Der Porsche war ein Zufall. Mein Mercedes ging bei einer Vortragsreise kaputt, und der Chef des örtlichen Alpenvereins, ein Porschehändler, verkaufte mir billig einen. Das Auto hat Spaß gemacht, ich bin später auch noch einen zweiten gefahren, aber ich habe ihn verkauft, um den nächsten Everest-Trip zu finanzieren. Ich leiste mir keinen Luxus und verabscheue Konsum.
Sie haben Ihre Bergsteiger-Karriere Ende der 80er-Jahre beendet, um durch die Antarktis und die Wüste Gobi zu wandern, warum?
Bergsteigen war für mich zur Routine geworden, ich kannte und konnte das. Aber mich treibt die Neugierde an, ich will ständig etwas Neues lernen – auch wenn sich meine Sponsoren getrennt haben, als ich mit dem Bergsteigen aufgehört habe. Sie fanden, dass das Wandern nicht passen würde, ich sei doch Bergsteiger. Mir war das egal. Ähnlich ist das bei meinen sechs Museen in Südtirol: Als die liefen und sich dann auch selbst trugen, habe ich die Führung an meine Tochter abgegeben. Mein Egoismus besteht darin, ausschließlich neue Ideen zu verwirklichen. Ich bin kein Verwalter.
Ihre sechs Museen in Südtirol drehen sich rund um das Thema Berg und zeigen beispielsweise Kunst, die unser Verhältnis zum Gebirge thematisiert. Die Museen erzielen nicht nur Gewinn, Sie kommen dabei – anders als die meisten anderen Museen weltweit – ohne Subventionen aus, wie ist Ihnen das gelungen?

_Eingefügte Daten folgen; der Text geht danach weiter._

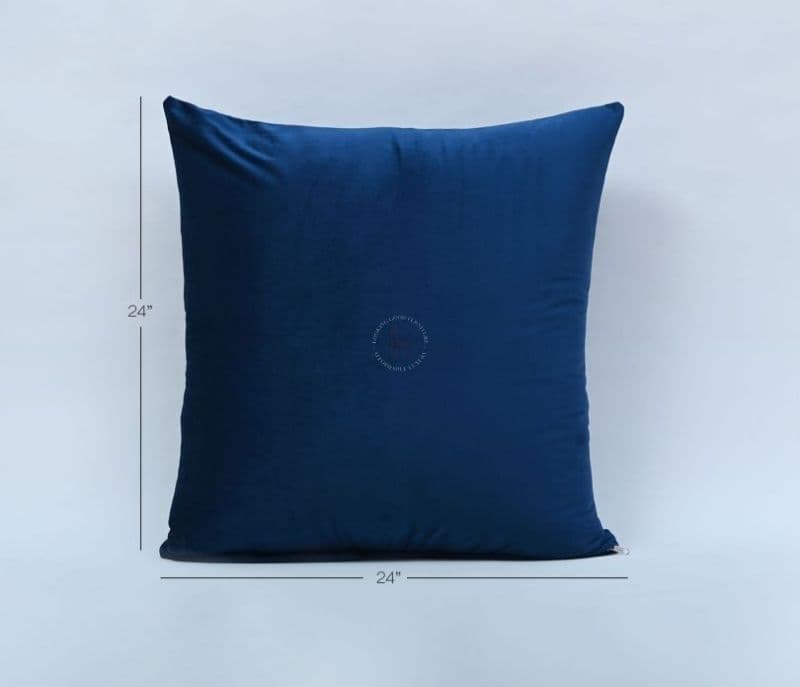 Image 4 for Alanna Royal Blue Velvet Cushion Cover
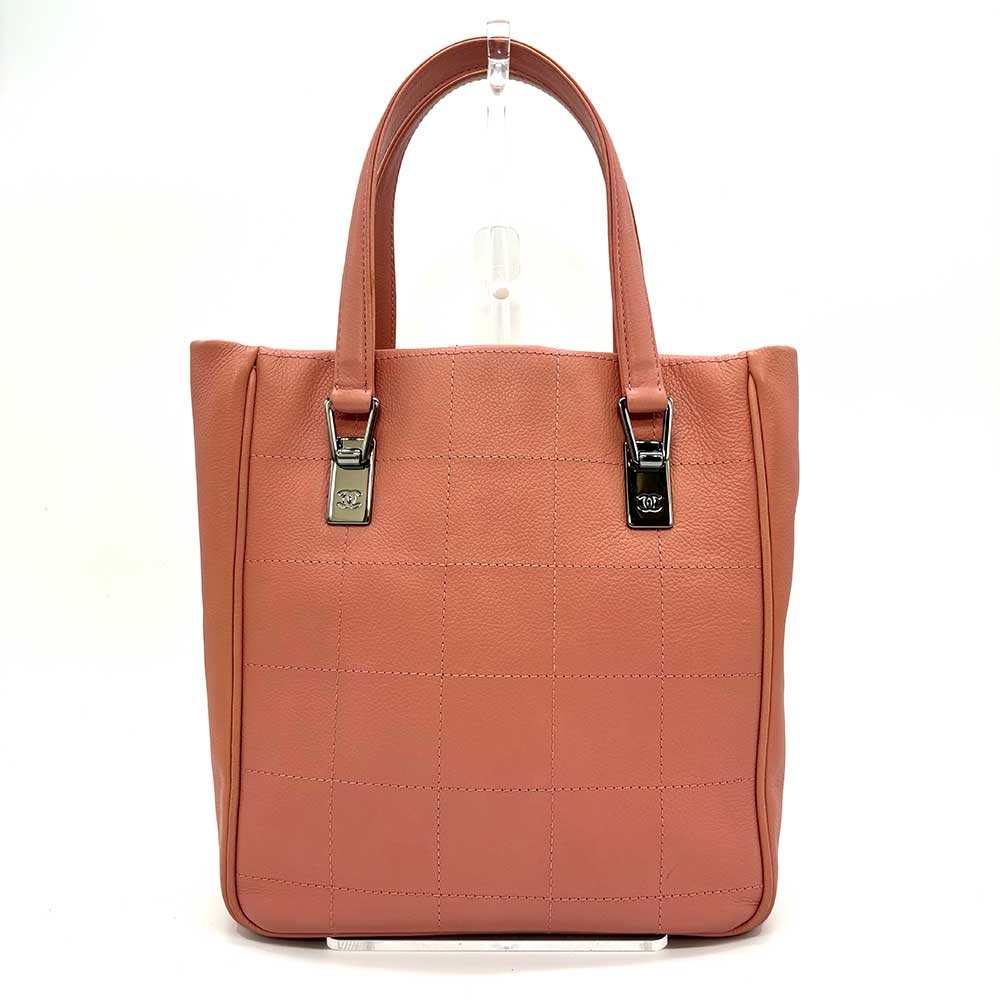 Chanel Caviar Skin Tote Bag Pink Classic Flap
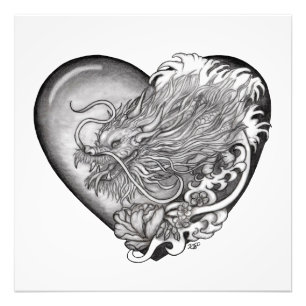 Dragon Heart Foto Afdruk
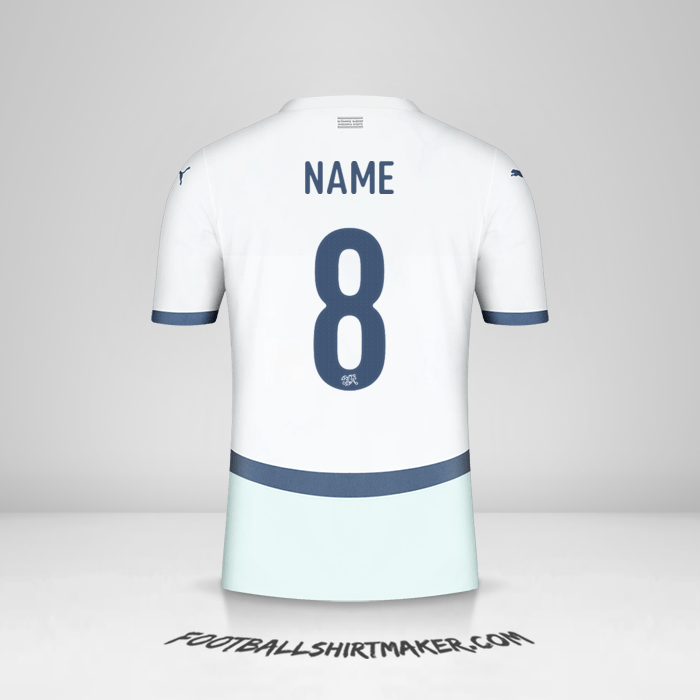 Trikot Schweiz 2024 Auswärts -  name - 8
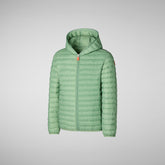 Girls' jacket Ana in mint green - Girls | Save The Duck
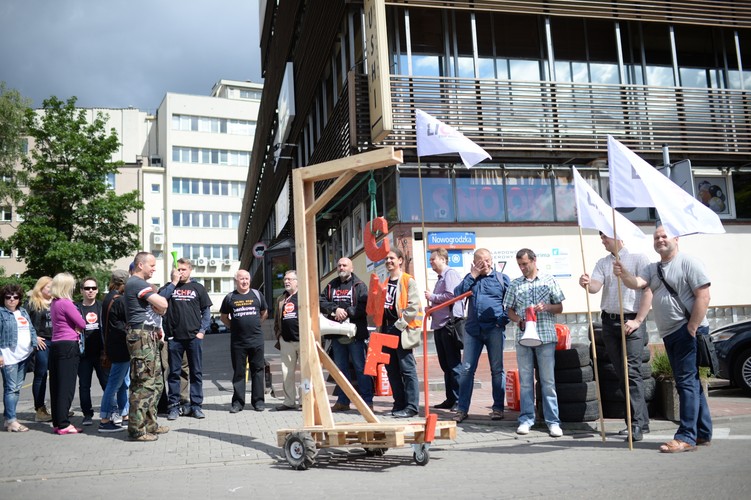Warszawa frankowicze manifestacja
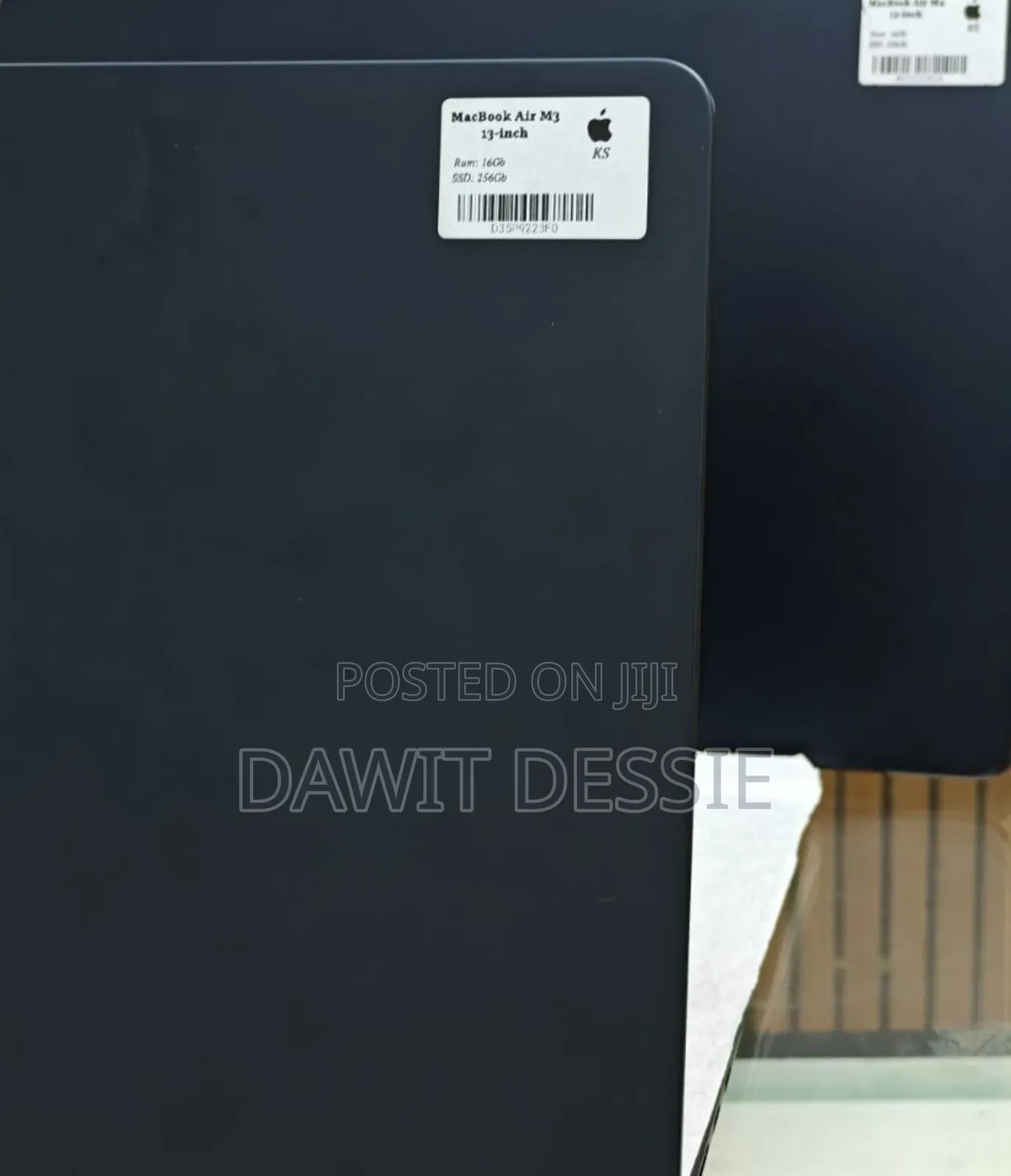 New Laptop Apple MacBook Air 2024 M3 13-Inch 16GB Apple M3 SSD 256GB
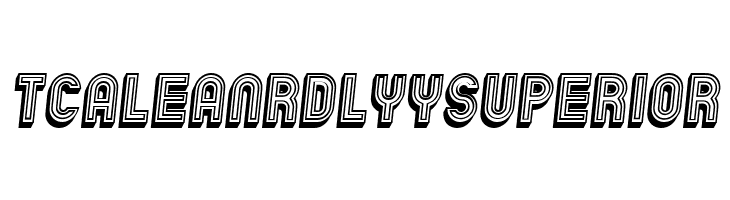 Chicago Bright Neon 3D Italic  Free Fonts Download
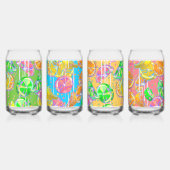 Zomer Tuin Party Kan Glas Set (Achterkant)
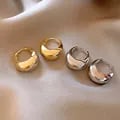 Punk Geometric Oval Hoop Earrings with U-Shaped Ear Buckle - High-Quality Metal, Lightweight & Comfortable, Versatile Accessory for Casual & Formal Wear, Statement Piece for Unique Style & Individuality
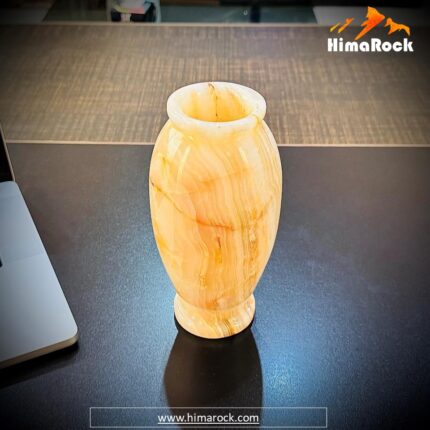 Vase White onyx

Erstens habe ich Synergien geschaffen: Die Museen liegen zwar an unterschiedlichen Standorten, aber jeweils drei liegen nah beieinander. Wir brauchen deshalb nicht sechs, sondern nur zwei Hausmeister – und die sechs Museen haben nur eine gemeinsame Verwaltung. Zweitens achten wir sehr darauf, wen wir einstellen. Wenn in Italien ein Unternehmen wie wir mehr als 20 Mitarbeiter hat, ist es quasi unmöglich, Mitarbeitern zu kündigen. Drittens habe ich die Museen im Gebirge platziert, sodass die Häuser das Thema Berge auch tragen.
Reinhold Messner: „Das Alter ist ein Massaker“
Sie hatten zwischenzeitlich ein Sportgeschäft und drei Läden für alternative Produkte, alle sind pleite, was haben Sie daraus gelernt?
Ach, ich habe diese Läden nicht selbst operativ gesteuert, sondern habe die Führung jeweils einem Co-Gesellschafter überlassen. Diese haben es nicht geschafft, die Geschäfte profitabel zu machen. Ich habe daraus gelernt, dass Dinge nicht funktionieren, wenn ich sie nicht selber mache.
Sie haben sich immer wieder neu erfunden, zuletzt mit den Museen, was ist ihr aktuelles Projekt?
Ich mache Filme über die Berge, darüber hinaus gibt es keine Pläne. Ich versuche, währenddessen gesund alt zu werden, aber das Alter ist ein Massaker. Es stellt jemanden wie mich vor große Probleme, weil ich immer Sachen gemacht habe, von denen andere nicht mal geträumt haben. Ich versuche jetzt, auch diese Herausforderung anzunehmen. Irgendwann werde ich nur noch Berge hochsteigen, die kinderleicht sind, ich klettere also nicht entlang der steilen Felswände, sondern auf sicheren Pfaden.
Sie geben Motivationsseminare bei Firmen. Was haben Sie dabei über die Wirtschaft gelernt?
Ich habe lange Zeit nichts von der Steuer abgesetzt, weil ich gar nicht wusste, dass man das so macht. Dabei hätte ich wohl meine Reisen angeben können, weil sie die Basis für meine Einnahmen, meine Vorträge und Bücher sind.